Your goal
Somewhere below is a line with "Traffic live webcam" and, later, a line with "Azure Crest Bird"; repeat those two lines and all the lines between them, exactly as they are.

Records for the exercise
※

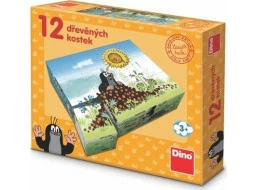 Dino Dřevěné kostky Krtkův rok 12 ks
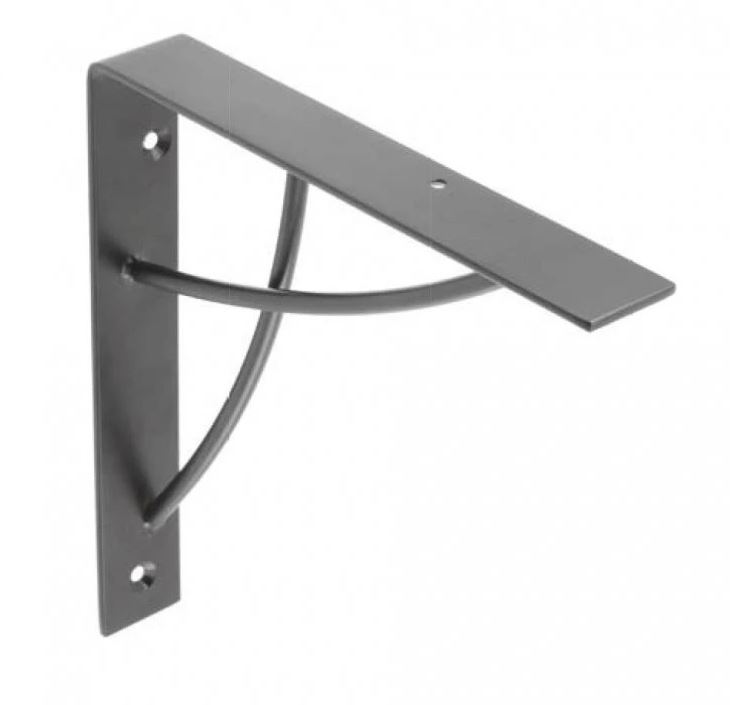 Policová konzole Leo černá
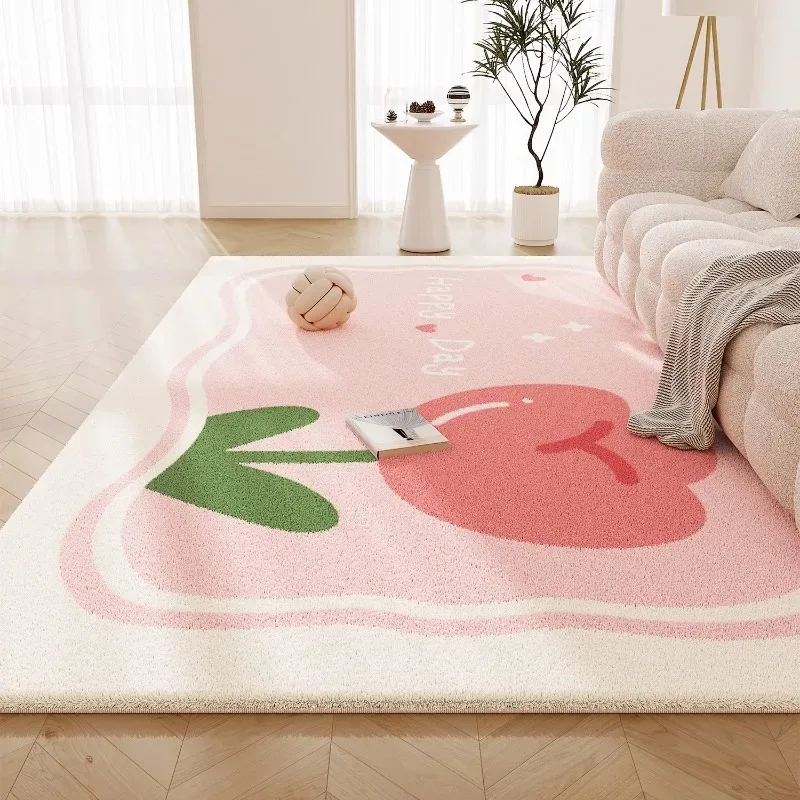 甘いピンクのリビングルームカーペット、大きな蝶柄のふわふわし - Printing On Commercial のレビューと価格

※

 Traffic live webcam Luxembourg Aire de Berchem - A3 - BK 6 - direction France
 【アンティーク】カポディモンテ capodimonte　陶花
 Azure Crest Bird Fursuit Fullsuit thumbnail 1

※

Written answer
 Traffic live webcam Luxembourg Aire de Berchem - A3 - BK 6 - direction France
 【アンティーク】カポディモンテ capodimonte　陶花
 Azure Crest Bird Fursuit Fullsuit thumbnail 1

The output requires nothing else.